TW: heterosexism, cissexism, racism, coerced sterilization
In case you’ve missed my previous coverage of it, the longstanding problems of heterosexist and cissexist violence in Russia have become pretty apparent to just about everyone, even those who weren’t following the slow change within the LGBT communities of Russia in terms of how visibility and activism were understood and valued. Naturally enough, Dan Savage, with his history of shoddy activist projects, has organized a twitter campaign (#dumpstoli) to respond to the actions of the Russian government, by boycotting a company legally based in Cyprus, effectively centered in Luxembourg, and with its primary production centers in Latvia. Because it has a Russian name and some of its production is still based in Russia. (Funny isn’t it, how Swedish vodka, in spite of all the extreme cissexism in Sweden, isn’t bothering Savage?)
Given that Dan Savage has now taken to posting links to videos like this, we can effectively conclude that much like his racist reaction to the passage of Proposition 8 in California, he’s decided that to be Russian is to be bigoted, as previously he assumed that to be Black was to be bigoted. Because there are never queer people who are also Black or Russian.
Of course, if you actually talk to just about anyone in Russia, this whole effort seems first farcical in terms of identifying this bizarre boycott as a solution and then patently offensive in that it’s seriously considered as a substitute for actually helpful behavior. Contrary to the pushback I’ve seen peddled on a few parts of the internet (namely that Russians just don’t understand boycotts – while more radical members of the political opposition have been calling for boycotts of actually Russian products), many Russians have very effectively explained their disinterest and annoyance with this campaign in pretty clear terms.

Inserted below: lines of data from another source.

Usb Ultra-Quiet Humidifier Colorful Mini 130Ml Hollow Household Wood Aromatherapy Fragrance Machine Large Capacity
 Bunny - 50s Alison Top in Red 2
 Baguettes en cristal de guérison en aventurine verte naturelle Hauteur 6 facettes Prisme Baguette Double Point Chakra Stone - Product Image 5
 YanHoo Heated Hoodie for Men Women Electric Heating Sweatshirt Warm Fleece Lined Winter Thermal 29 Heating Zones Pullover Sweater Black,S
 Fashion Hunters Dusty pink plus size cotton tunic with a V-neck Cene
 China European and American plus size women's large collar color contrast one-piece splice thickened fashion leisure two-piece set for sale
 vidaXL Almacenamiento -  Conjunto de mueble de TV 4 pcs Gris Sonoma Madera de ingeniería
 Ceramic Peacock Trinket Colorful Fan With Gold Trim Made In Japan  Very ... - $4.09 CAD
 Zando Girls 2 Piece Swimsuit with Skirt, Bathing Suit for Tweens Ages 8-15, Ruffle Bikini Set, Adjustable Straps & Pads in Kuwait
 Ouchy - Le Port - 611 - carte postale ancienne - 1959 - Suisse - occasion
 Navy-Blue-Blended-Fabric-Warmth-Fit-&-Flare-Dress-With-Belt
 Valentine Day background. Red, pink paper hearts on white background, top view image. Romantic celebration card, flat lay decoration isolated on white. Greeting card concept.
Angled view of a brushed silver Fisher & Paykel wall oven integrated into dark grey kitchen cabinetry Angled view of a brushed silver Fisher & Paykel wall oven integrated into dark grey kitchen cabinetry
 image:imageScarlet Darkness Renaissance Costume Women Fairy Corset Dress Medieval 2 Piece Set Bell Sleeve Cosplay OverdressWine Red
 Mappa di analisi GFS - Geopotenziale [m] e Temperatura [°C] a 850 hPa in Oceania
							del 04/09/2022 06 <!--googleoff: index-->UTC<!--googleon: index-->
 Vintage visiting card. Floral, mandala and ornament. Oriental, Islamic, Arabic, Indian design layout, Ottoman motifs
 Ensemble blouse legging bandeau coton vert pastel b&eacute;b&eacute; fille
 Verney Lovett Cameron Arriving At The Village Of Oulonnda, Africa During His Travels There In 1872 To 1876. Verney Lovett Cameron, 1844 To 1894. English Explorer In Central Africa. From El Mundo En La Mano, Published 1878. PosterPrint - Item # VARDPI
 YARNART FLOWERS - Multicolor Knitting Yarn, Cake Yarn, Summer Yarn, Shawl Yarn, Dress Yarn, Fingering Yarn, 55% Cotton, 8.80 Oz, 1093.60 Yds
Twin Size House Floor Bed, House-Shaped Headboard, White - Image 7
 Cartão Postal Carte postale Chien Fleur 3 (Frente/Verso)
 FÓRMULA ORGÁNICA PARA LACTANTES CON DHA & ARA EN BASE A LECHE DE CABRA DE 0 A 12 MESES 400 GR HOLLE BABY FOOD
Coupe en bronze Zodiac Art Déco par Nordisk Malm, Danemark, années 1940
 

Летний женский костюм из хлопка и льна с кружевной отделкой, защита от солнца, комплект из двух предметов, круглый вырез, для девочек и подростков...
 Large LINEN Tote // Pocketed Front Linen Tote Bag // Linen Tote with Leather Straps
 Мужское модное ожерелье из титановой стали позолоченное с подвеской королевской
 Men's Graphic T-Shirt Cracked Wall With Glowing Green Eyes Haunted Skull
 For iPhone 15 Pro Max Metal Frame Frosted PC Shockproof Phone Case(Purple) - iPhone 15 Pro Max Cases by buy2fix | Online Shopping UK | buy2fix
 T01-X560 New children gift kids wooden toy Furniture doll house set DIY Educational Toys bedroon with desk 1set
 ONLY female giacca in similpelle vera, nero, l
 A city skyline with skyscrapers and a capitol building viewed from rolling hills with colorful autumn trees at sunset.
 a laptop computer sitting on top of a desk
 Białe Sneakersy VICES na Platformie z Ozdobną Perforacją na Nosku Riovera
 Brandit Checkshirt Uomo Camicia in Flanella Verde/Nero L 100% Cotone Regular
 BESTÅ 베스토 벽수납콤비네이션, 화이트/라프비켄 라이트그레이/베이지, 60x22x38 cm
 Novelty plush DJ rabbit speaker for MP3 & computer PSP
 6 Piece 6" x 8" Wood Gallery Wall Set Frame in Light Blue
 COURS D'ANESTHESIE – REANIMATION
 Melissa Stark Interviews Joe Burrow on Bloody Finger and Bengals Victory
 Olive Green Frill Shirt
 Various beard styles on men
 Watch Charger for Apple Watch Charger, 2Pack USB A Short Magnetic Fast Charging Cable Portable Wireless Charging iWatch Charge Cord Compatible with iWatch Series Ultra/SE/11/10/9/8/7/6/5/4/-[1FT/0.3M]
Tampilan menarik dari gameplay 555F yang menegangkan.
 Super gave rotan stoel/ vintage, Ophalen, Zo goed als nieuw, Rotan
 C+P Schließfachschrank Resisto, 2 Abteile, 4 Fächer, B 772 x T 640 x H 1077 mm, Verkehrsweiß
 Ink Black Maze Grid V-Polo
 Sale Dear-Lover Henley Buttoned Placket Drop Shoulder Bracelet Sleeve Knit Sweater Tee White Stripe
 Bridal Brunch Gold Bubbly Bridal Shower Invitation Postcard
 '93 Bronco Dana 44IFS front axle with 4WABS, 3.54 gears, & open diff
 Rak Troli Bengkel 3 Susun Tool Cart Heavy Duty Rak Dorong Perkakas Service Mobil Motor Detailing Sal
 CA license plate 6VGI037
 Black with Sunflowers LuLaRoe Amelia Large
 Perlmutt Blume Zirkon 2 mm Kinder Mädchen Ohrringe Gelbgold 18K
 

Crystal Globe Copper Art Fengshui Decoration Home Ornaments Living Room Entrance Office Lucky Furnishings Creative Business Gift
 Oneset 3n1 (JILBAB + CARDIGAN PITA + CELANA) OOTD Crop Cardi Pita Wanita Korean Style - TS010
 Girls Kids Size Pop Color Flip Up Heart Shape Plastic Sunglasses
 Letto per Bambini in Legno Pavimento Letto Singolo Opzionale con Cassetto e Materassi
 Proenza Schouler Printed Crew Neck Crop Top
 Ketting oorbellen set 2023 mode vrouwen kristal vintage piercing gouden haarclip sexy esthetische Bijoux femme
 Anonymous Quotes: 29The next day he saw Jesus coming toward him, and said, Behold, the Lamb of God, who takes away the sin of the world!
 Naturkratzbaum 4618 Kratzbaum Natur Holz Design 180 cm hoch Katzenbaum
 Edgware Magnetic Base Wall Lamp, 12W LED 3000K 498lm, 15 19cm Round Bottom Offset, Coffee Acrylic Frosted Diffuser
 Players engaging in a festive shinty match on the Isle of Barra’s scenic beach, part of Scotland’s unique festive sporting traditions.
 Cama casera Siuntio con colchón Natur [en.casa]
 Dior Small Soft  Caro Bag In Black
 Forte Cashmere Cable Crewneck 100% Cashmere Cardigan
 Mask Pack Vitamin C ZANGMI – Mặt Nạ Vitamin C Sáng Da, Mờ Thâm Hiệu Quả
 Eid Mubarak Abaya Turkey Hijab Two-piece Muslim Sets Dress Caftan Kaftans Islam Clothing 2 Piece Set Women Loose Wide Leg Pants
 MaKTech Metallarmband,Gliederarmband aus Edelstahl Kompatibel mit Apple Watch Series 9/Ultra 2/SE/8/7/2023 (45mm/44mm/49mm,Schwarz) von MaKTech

Simply read what one Russian correspondent for Gay Star News wrote on #dumpstoli: “It will impact anyone except the companies involved a little bit. [… W]hat is the aim of this boycott? The producers, even if they become bankrupt because of the boycott (which is unlikely) will not be able to influence Russian politics and President Putin as well as the decisions of the State Duma [legislature]”. Given how the Putin government has lobbied for these many new laws (as an extension, arguably, to his use of patriarchal imagery while in office) and the federal Duma voted unanimously in favor of them, the necessary change here is pretty clearly political, not necessarily economic.
Particularly given how Western “assistance” in the past largely resulted in the restructuring of the Russian economy in favor of a very small number of elites, the wariness of Russians to receive incomprehensible Western help seems rather on point. In some sense, our governments forced their society to recreate itself in a way that relies on exports and international trade, and now we’re calling for boycotts on products simply associated with them?